Listed records Start Marker
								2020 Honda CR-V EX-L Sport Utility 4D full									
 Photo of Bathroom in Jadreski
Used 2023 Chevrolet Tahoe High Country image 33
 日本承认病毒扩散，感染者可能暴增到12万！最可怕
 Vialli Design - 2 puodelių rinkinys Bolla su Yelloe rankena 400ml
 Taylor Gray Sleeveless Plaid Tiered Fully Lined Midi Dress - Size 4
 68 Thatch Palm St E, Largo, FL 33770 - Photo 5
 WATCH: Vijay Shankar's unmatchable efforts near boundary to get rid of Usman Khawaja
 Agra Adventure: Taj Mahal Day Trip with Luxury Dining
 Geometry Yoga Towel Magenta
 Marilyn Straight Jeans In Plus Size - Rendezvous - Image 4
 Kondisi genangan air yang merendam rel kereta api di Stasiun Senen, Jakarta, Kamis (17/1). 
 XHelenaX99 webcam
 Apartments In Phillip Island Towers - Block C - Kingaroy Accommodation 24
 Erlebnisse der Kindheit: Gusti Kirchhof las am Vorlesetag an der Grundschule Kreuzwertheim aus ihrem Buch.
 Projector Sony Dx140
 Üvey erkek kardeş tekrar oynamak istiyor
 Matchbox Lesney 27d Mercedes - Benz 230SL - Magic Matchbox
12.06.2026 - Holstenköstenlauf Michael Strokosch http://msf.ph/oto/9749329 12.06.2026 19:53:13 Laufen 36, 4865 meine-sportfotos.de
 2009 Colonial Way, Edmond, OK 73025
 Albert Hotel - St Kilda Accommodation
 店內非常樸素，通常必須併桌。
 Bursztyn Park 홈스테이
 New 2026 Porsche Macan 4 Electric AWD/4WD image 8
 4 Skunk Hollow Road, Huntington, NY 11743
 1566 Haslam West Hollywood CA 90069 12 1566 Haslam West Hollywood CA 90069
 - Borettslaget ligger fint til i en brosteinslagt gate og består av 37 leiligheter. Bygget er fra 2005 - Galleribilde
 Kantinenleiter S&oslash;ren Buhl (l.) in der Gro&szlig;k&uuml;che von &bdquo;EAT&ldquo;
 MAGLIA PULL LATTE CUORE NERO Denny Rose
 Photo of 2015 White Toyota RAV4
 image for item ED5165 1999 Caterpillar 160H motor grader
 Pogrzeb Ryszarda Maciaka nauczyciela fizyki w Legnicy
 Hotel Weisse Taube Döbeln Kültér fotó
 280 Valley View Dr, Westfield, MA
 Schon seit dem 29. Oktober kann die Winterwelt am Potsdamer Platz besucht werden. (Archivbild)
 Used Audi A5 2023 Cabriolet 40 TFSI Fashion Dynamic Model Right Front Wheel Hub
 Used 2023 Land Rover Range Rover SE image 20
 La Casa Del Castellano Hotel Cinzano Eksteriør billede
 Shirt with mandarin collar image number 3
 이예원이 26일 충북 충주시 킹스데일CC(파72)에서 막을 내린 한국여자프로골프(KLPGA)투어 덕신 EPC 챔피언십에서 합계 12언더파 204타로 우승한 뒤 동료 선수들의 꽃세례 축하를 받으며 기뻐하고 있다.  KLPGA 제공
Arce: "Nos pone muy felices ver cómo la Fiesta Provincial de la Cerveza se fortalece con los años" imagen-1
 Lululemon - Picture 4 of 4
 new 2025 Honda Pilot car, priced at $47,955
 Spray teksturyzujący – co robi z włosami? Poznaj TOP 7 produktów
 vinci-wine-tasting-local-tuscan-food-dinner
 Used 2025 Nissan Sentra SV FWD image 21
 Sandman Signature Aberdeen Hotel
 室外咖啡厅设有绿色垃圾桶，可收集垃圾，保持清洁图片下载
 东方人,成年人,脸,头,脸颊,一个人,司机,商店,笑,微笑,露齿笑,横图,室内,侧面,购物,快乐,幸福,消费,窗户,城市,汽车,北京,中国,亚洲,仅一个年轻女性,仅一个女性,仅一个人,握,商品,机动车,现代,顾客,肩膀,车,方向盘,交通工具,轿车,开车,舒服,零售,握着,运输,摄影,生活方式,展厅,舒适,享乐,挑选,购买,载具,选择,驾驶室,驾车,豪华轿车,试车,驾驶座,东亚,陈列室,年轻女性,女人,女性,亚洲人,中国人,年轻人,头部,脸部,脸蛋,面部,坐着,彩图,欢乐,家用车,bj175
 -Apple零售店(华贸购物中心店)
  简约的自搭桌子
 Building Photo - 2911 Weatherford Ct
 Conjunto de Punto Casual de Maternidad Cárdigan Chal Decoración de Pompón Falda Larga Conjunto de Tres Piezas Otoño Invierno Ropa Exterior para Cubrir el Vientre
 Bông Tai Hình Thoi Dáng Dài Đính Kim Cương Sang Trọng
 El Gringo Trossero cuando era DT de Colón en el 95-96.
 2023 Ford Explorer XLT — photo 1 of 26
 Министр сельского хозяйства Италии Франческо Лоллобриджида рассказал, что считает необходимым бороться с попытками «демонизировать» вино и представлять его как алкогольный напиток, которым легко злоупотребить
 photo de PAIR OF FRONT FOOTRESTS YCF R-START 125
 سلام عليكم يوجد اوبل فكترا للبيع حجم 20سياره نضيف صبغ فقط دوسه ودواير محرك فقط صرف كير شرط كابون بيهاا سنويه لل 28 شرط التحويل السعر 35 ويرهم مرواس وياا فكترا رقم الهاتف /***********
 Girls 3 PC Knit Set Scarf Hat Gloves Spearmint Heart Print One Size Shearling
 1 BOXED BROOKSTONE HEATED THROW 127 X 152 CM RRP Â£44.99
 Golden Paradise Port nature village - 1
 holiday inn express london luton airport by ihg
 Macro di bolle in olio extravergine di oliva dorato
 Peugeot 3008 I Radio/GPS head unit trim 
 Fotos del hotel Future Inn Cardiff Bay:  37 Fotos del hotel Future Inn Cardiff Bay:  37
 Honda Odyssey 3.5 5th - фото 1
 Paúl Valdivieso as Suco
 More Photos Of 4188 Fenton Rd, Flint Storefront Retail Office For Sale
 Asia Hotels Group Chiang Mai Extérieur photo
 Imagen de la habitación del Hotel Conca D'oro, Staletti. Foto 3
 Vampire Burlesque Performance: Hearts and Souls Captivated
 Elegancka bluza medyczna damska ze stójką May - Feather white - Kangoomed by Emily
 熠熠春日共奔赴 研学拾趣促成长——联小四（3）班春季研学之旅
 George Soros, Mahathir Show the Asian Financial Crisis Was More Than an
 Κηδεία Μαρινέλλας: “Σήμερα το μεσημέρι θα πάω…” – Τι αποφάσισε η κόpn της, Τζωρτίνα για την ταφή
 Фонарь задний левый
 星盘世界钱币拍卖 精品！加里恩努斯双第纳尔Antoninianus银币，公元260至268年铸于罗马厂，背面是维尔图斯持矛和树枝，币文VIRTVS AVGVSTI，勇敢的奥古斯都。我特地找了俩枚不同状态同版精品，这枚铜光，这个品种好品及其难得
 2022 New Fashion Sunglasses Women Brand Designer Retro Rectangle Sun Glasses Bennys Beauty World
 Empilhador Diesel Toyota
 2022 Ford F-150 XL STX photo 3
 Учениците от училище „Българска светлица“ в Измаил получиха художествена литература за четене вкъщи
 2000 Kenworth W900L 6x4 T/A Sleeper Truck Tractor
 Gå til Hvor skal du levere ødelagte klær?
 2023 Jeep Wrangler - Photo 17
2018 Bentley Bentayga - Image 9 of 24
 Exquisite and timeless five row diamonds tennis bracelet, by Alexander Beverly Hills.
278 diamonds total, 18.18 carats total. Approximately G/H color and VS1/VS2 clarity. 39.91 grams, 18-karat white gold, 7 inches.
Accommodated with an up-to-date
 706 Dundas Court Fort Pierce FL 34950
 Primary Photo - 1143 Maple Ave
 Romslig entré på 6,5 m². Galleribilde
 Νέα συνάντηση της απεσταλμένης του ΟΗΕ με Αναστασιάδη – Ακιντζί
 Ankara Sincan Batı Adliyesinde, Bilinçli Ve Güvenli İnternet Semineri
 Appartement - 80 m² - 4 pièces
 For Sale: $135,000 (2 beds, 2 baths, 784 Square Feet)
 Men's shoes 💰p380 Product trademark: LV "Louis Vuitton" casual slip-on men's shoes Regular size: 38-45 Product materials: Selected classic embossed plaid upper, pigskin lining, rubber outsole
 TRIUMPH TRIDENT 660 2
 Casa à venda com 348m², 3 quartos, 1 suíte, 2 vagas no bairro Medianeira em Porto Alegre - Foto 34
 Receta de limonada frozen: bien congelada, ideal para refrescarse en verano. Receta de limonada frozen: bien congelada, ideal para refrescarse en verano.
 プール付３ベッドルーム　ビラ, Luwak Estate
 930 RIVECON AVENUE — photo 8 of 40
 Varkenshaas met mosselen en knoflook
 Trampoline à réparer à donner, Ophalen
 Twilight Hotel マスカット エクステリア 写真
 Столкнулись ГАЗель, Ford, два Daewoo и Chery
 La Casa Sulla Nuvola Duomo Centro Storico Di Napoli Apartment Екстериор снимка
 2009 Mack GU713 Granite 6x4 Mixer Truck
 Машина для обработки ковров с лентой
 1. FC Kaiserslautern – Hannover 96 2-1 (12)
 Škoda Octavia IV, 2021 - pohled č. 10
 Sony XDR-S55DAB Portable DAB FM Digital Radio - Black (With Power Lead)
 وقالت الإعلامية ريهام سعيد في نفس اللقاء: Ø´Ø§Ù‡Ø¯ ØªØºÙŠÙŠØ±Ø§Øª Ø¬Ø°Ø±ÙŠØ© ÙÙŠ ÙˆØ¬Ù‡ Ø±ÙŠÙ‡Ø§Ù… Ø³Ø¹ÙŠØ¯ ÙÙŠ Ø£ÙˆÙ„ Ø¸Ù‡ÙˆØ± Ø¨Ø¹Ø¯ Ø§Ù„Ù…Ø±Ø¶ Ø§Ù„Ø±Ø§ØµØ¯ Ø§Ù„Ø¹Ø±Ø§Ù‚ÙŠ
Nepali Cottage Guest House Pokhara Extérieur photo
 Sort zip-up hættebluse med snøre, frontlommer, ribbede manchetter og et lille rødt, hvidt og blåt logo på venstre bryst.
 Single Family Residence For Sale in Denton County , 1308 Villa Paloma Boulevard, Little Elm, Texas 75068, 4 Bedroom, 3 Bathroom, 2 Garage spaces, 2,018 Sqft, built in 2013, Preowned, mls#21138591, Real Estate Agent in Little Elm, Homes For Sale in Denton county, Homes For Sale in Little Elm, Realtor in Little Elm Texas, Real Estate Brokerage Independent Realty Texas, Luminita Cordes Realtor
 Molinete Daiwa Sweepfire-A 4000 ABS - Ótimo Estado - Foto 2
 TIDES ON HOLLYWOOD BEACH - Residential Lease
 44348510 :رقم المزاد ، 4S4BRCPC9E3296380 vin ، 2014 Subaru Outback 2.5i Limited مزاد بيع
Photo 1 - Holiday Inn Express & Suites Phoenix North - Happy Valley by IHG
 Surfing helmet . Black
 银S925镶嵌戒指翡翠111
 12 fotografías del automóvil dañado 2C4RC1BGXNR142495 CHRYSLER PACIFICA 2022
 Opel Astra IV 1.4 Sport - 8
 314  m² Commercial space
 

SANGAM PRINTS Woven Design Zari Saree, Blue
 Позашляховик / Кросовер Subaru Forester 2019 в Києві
Listed records End Marker
> _What you are asked to do_
Where the line containing "12 fotografías del" appears in the records above, begin copying and continue through the last line; copy each line exactly and include no others.

> _Response box_
 12 fotografías del automóvil dañado 2C4RC1BGXNR142495 CHRYSLER PACIFICA 2022
 Opel Astra IV 1.4 Sport - 8
 314  m² Commercial space
 

SANGAM PRINTS Woven Design Zari Saree, Blue
 Позашляховик / Кросовер Subaru Forester 2019 в Києві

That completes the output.